4 running shoes reviewed

Wired
Adidas Adizero Feather 2.0 Running

(Photo by Ariel Zambelich/Wired)

Hitting the streets to get fit by spring? We review four new specialty sneakers for runners.

Adidas Adizero Feather 2.0 Running

Adidas' Adizero Feather 2.0 runners are so light (barely 7 ounces) and so responsive, running in them feels more like bouncing on fluffy clouds than pounding on pavement. OK, I'm exaggerating, but I was really blown away by the light weight when I took them out on long-distance runs. So effective was the feather-weight design on a 5-mile outing, I could actually notice the reduced effort in my legs.

The shoe is topped with a barely-there breathable mesh that runs from the toes all the way back to the heel. Ventilation is therefore excellent, with a constant flow of cool air delivered directly to your piggies. And, unlike most shoes that make use of fancy, lightweight materials, they're actually quite sturdy.

These sneaks are compatible with Adidas' miCoach data reporting system and its companion apps. So if you already have a miCoach Speed_Cell sensor, just lift up the shoe's insert and pop it in (You can also attach the sensor to your laces). The sensor can be synced with your iPhone to track your speed, acceleration, distance, and pace during runs.

The only problem is that the miCoach system needs some work, including the inconsistent syncing and the iPhone app's interface. If you're used to the Nike+ app, you'll be struggling to work your way through using Adidas' lesser creation. That said, it's an add-on to the shoe and not a primary feature, so miCoach's shortcomings don't detract from the sneaker's quality.

WIRED Obscenely light at only 7 ounces. Flexible mesh upper keeps your tootsies cool and dry. Durable, despite the lightweight design. miCoach-compatible for tracking your runs. Great styling. Affordable at $115. Men's and women's versions.

TIRED If you're not into light shoes, these aren't for you. The miCoach system needs a lot of work -- it's adequate, but could be so much better.

(See more: Stylish workout clothes)



Under Armour UA Spine RPM

(Photo by Ariel Zambelich/Wired)


Under Armour UA Spine RPM

As the name would imply, the design of Under Armour's sneaker is modeled after the human spine. Flip over the UA Spine RPM ($80, men and women) so its sole is facing up, and you can definitely see the dorsal inspiration -- the sole is a stylized vertebral column with a small channel running down the middle. This "spine" does give the shoe a very supportive feel (the primary intention of the design) while also allowing a great deal of flexibility in the toebox and midfoot.

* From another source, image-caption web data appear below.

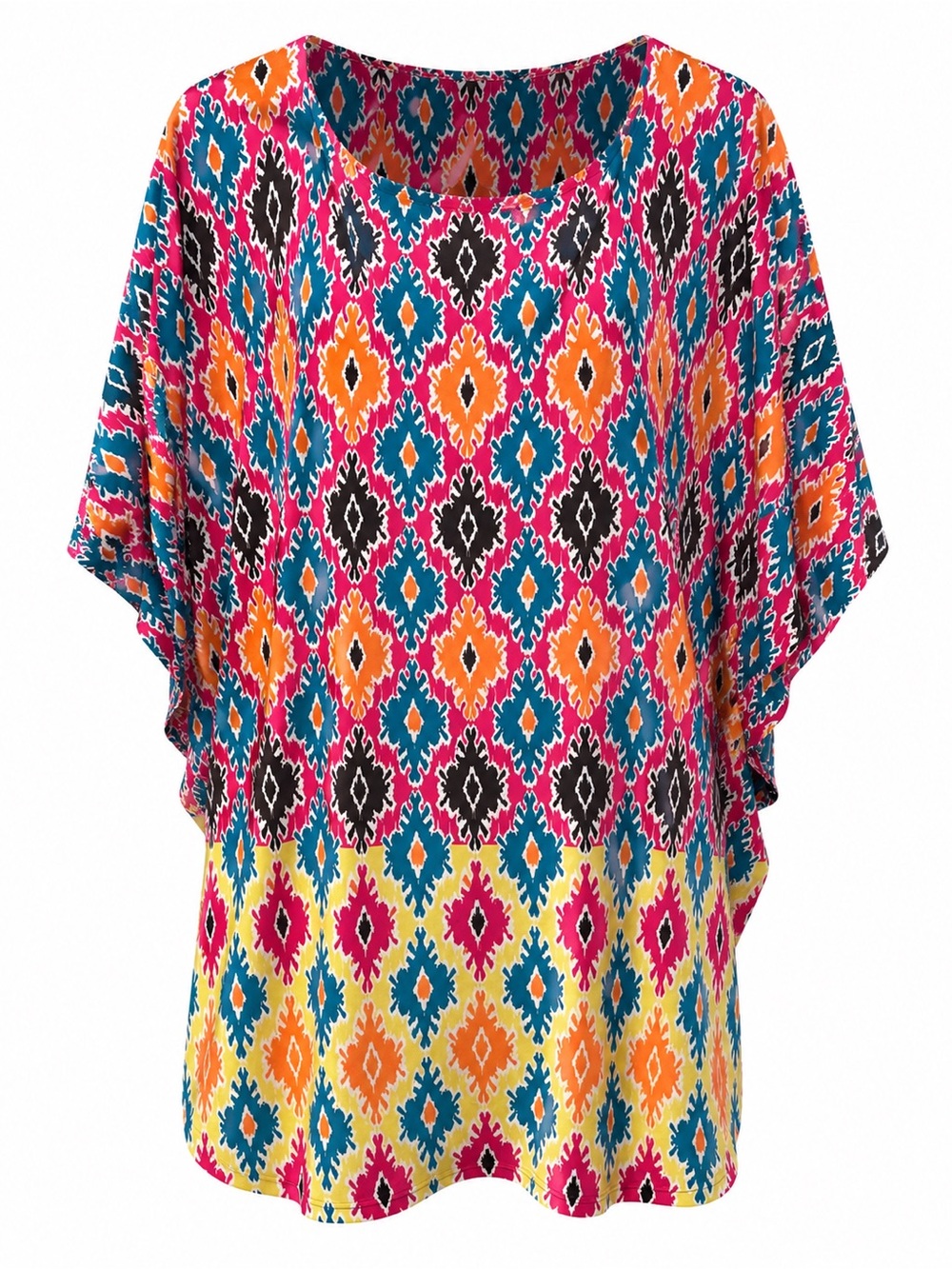 Roaman's Pink, Teal & Orange Ikat Print Top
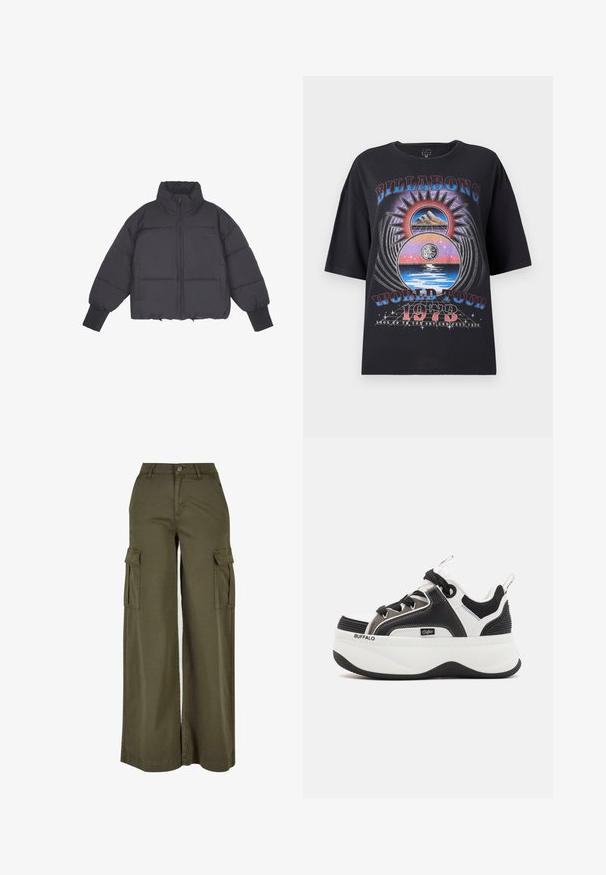 Doudoune noire avec un col montant, fermeture éclair à l'avant et poignets élastiques. Présente un matelassage structuré et une coupe courte.; T-shirt oversize noir présentant un design graphique coloré avec des éléments de montagnes, de soleil et d'eau. Le texte inclut "Billabong World Tour 1973."; Pantalons cargo larges en vert olive avec deux poches latérales, fabriqués à partir d'un tissu doux et durable. Présente une couture détaillée et une fermeture à bouton.; Baskets à plateforme avec un design en noir et blanc, des accents en maille, des détails texturés et un logo proéminent sur le côté.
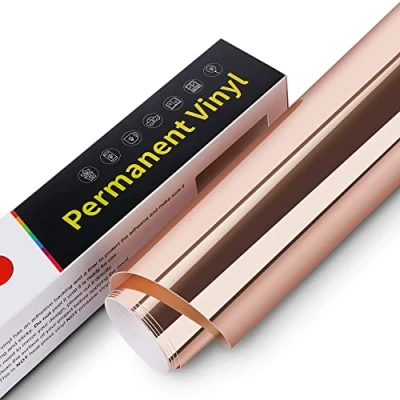 Afbeelding van permanent klevend vinyl, 30,5 cm x 305 cm, vinylrol, waterdicht, voor Cricut, Silhouette Cameo, stickers, decoraties (chroom goud)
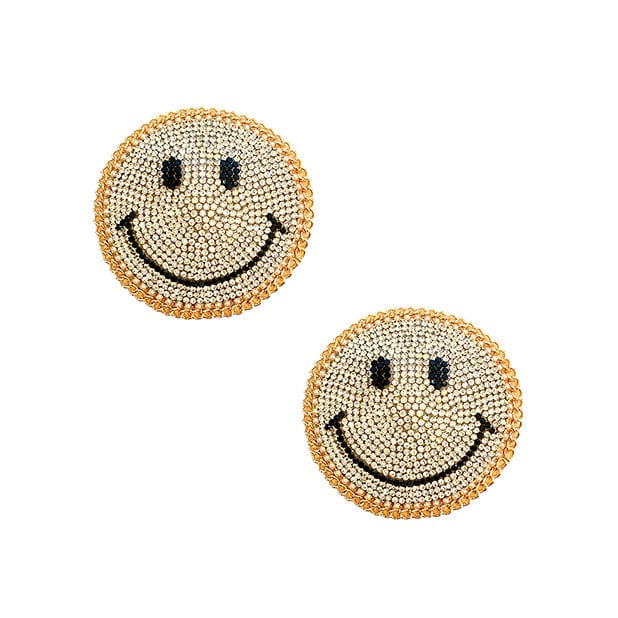 Neva Nude - Burlesque Smile Face Jewel Reusable Silicone Pasties Nipple Covers O/S (Gold)    Nipple Covers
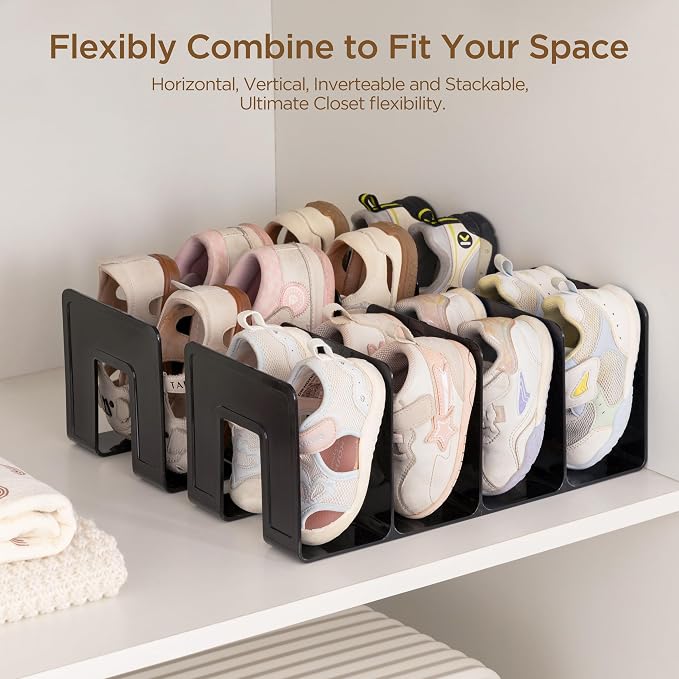 HBlife Black Acrylic Kids Shoe Rack for Closet Organizers and Storage, Small Shoe Rack 4 Sections Toddler Baby Shoe Storage Organizer Stackable Shoe Shelf,Desk File Sorter Book Purse Organizer(2 Pack) - Image 4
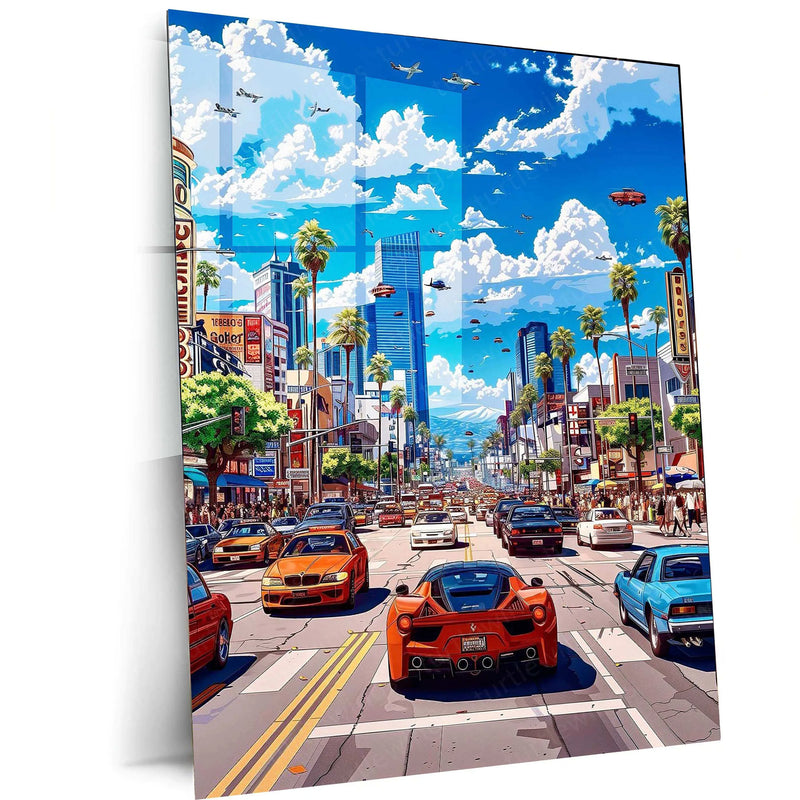 Car in the City Metal Poster – Urban Automotive Wall Art | Night Drive Aesthetic Decor - TURTLEWINGS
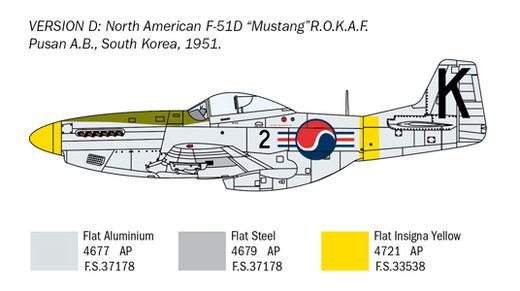 Maquette avion militaire : F‐51D Mustang « Guerre de Corée » - 1:72 - Italeri 1452 01452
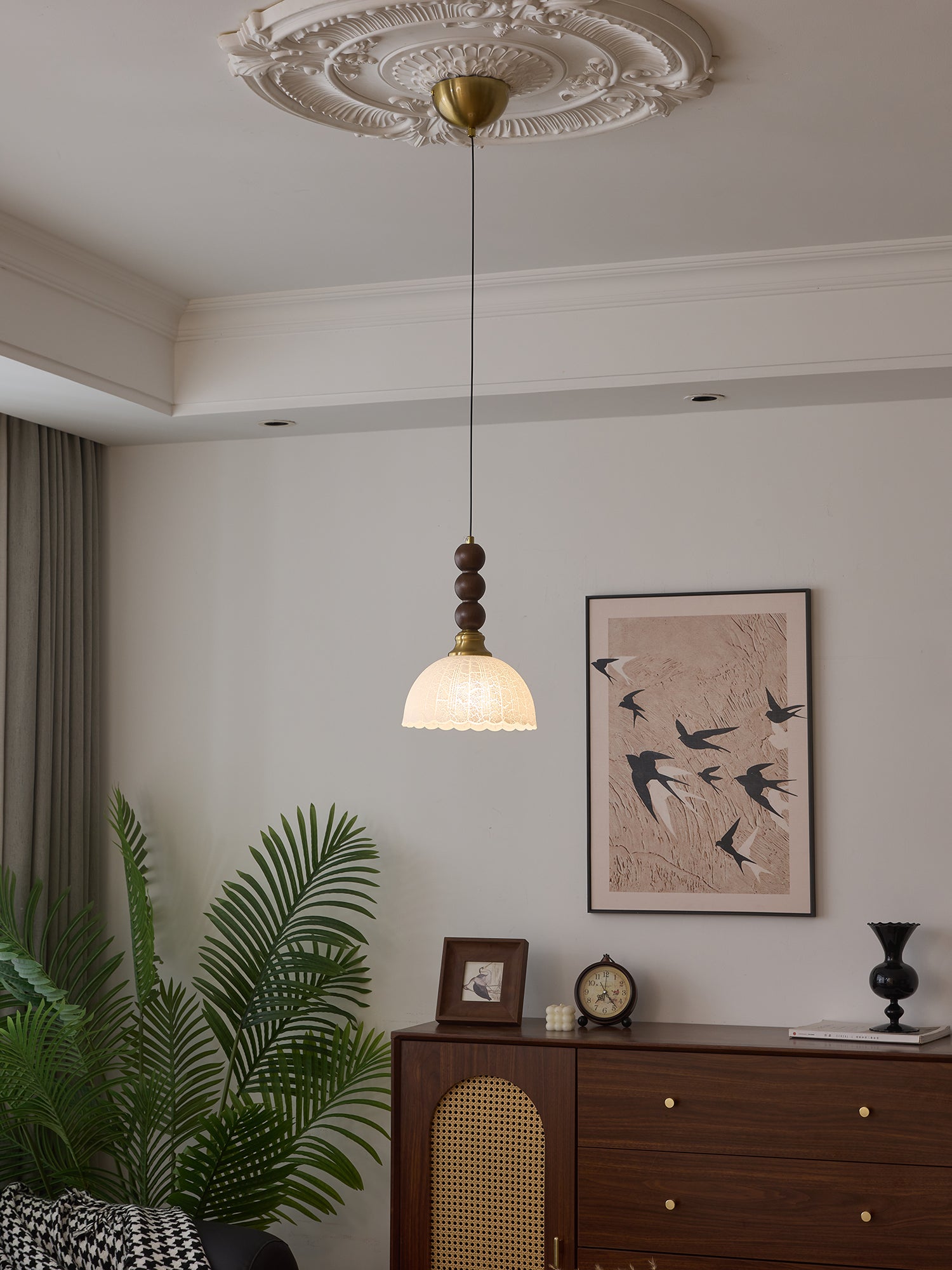 Avshaara Traditional Elegance Vintage Fabric Wood Pendant Light-Neutral Decor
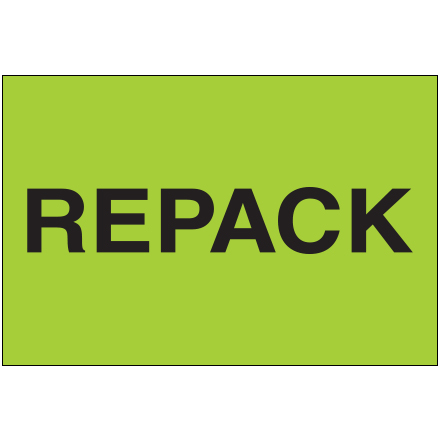 2 x 3" - "Repack" (Fluorescent Green) Labels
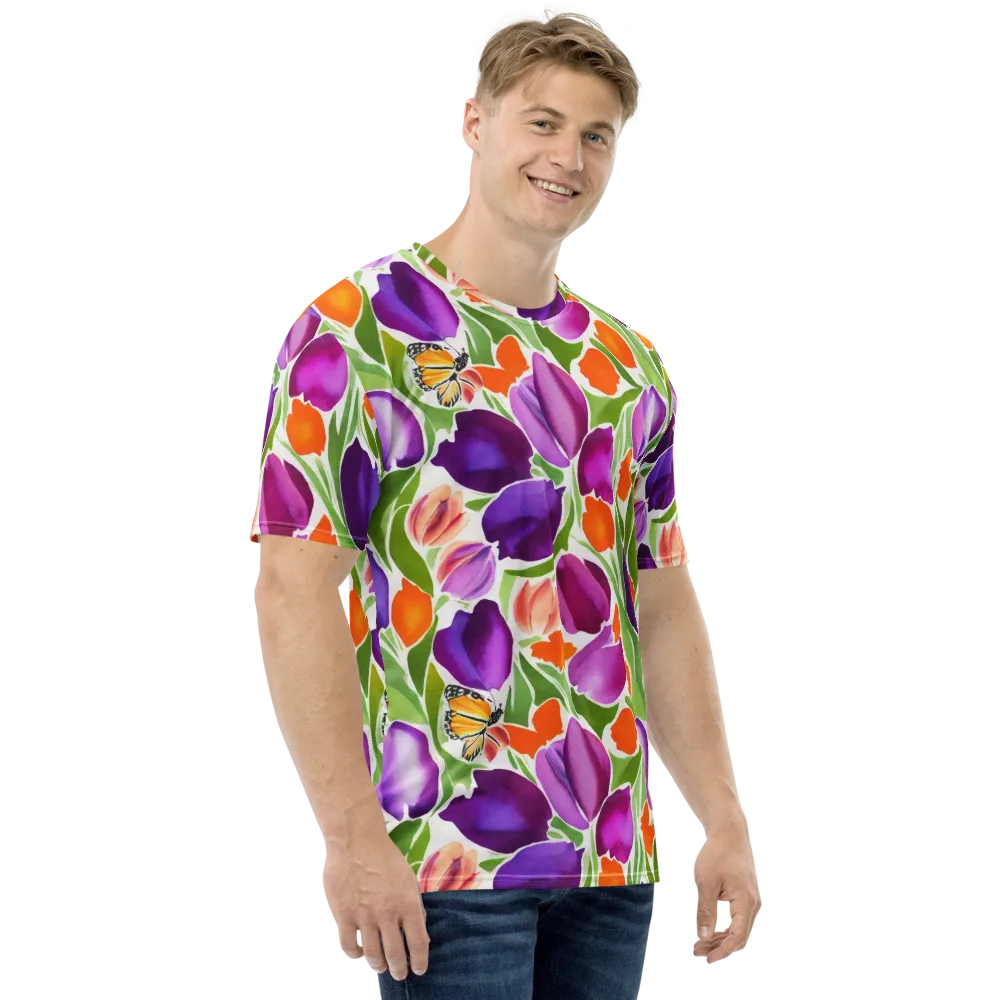Tulip Carnival on Men's Crew Neck T-Shirt — Right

In my tests, the shoe remained somewhat rigid while also being incredibly comfortable. A foam in the chassis provides the rebound needed to cushion those pounding steps. During runs on both the treadmill and the pavement, footfalls were cushioned, but the springiness at the start of the next step wasn't too pronounced.

The fit is superb, mostly thanks to the molded foam sockliner and collar. Your foot goes in, the Spine conforms to its shape, and it stays put. A mesh upper keeps the foot cool and allows it to breath. It's flexible, but it still feels really durable -- something I'd expect from a company that got its start making technical athletic apparel. Under Armour has clearly taken the knowledge it's collected creating comfortable clothing and applied it to its footwear.

WIRED As comfy as your favorite pair of wool-lined slippers. Molded foam insert and sockliner conform exactly to your foot. Breathable and cool. Sleek design, attractive color scheme.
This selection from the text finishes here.